Artificial photosynthesis is the process of deriving energy from the sun by means similar to those used in plants. For two billion years, nature has used photosynthesis, and a similar process could open the way to new green energy technology.
Photosynthesis may hold the secret to efficient, cheap electrical production. But, typical efficiencies for solar cells typically hover around 15 percent. Despite this, solar power is the fastest-growing method of generating electricity. Therefore, the demand for more efficient solar cell designs is high. As new technologies are developed, they need to be tested, so researchers at Berkeley Labs have just built such a device.
They use two tiny sheets - a positively-charged cathode and a negatively-charged anode, separated apart from one another slightly by an ion-conducting membrane. The electrodes to be tested are inserted in the tiny device, and sunlight enters the system. This provides the energy to split water into its component molecules of hydrogen and oxygen. While the two gases are held apart from one another by the membrane, protons travel from the anode to the cathode, producing electricity. Any material may be used for anodes and cathodes in the device to test different designs, although the test bed is small.
"In our experimental realization of the design, a series of 19 parallel channels were fabricated in each device, with a total active area of eight square millimeters," Miguel Modestino, lead author of the research paper, said. Despite the small size of this test bed, the technology could be scaled up for larger-scale tests.
The device has already shown its ability to test mechanisms for splitting water molecules with sunlight. It can also be modified to test equipment designed for full artificial photosynthesis, as well as for conducting tests on fuel cells. Joel Ager was also among the team of material scientists at the Joint Center for Artificial Photosynthesis who developed this first-ever full-scale test bed.

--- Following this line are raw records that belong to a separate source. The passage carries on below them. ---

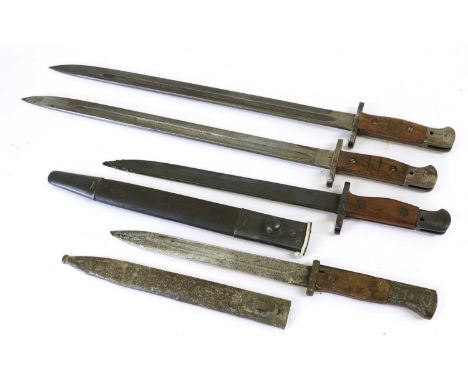 An Indian No.1 Mk.II SMLE Bayonet, with blued finish, the steel blade stamped Mk.II 43 and maker's mark M.I.L. (Metal Industr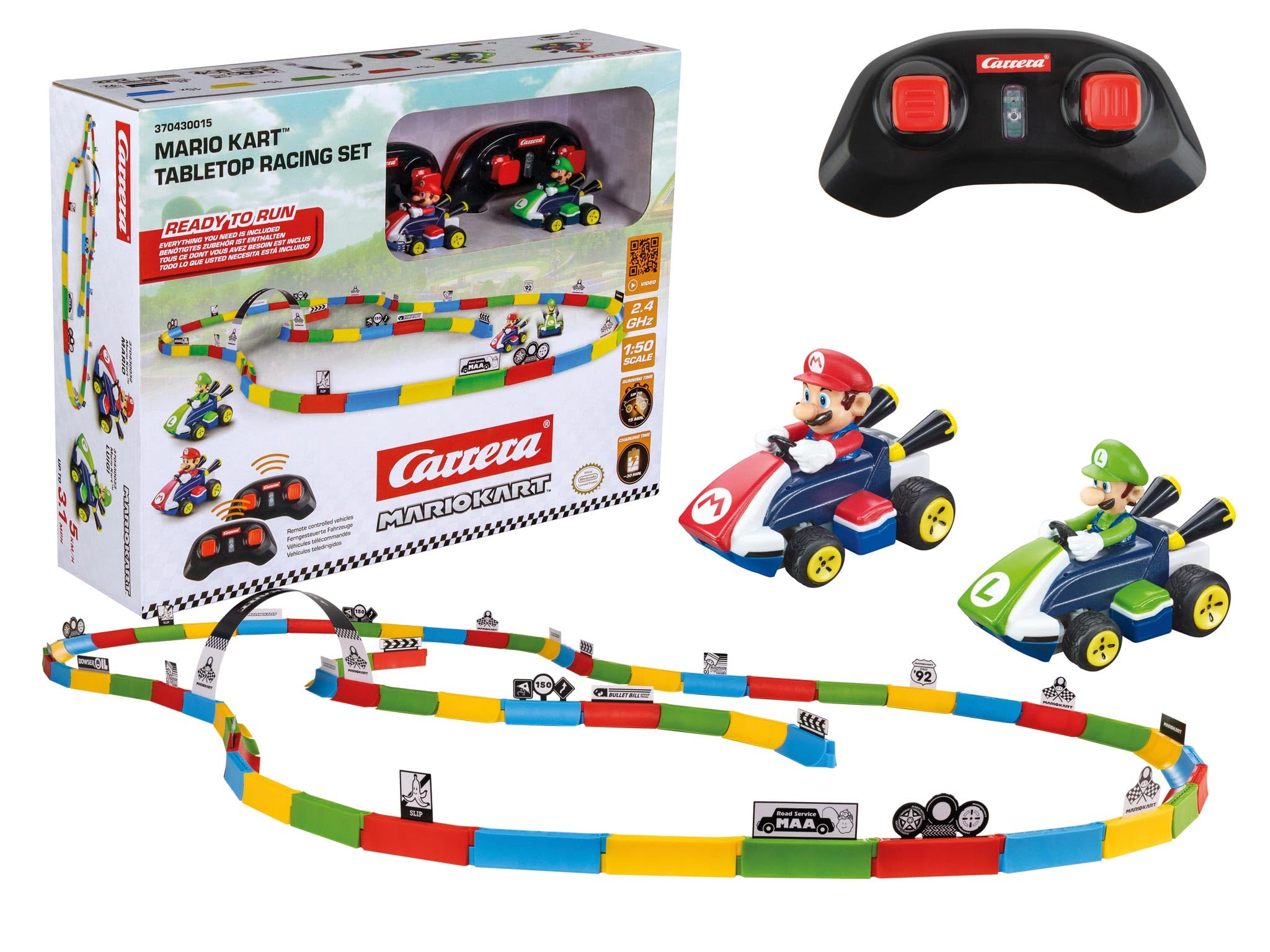 Carrera RC Mario Kart Tabletop Racing Set - Mario & Luigi 1:43 Scale | 2.4GHz | Includes 45 Track Elements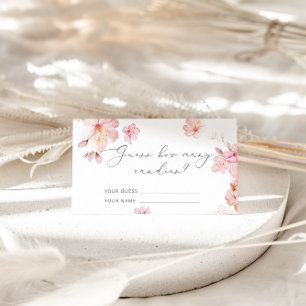 Carte D'accompagnement Elégant rose roux devinez combien de bonbons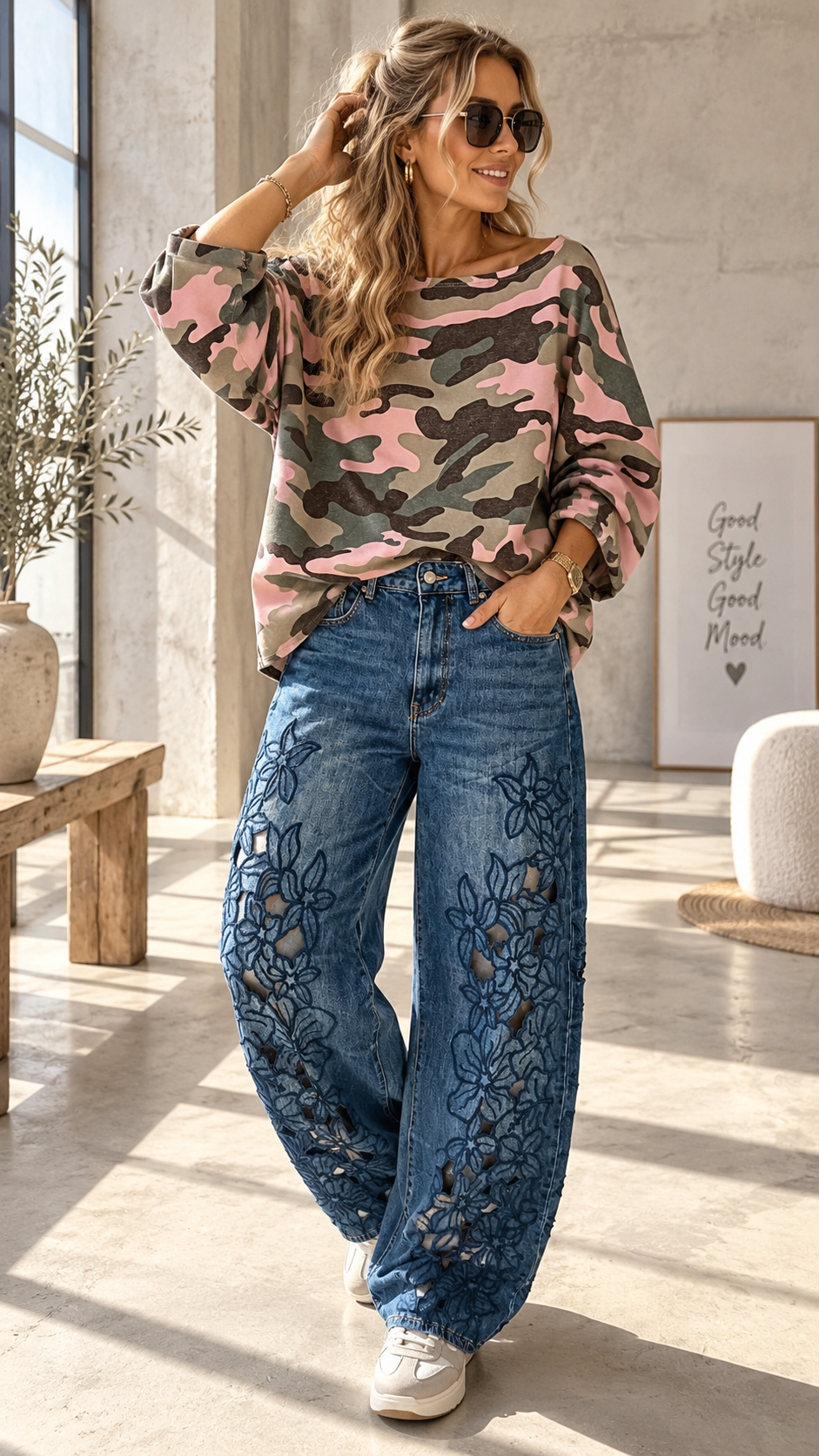 LONGSLEEVE CAMOUFLAGE Made in Italy Gr. 36 - 46 LS0108 Sweater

"We've demonstrated a microfluidic electrolyzer for water splitting in which all functional components can be easily exchanged and tailored for optimization. This allows us to test on a small scale strategies that can be applied to large scale systems." Ager said.
Levels of carbon dioxide in the air recently reached 400 paprts per million (ppm) for the first time in human history. If all of the energy from sunlight that falls on Earth every hour could be harvested, it would power all human electrical needs for a year.
Research surrounding the development of the new testing equipment is profiled in the journal Physical Chemistry Chemical Physics.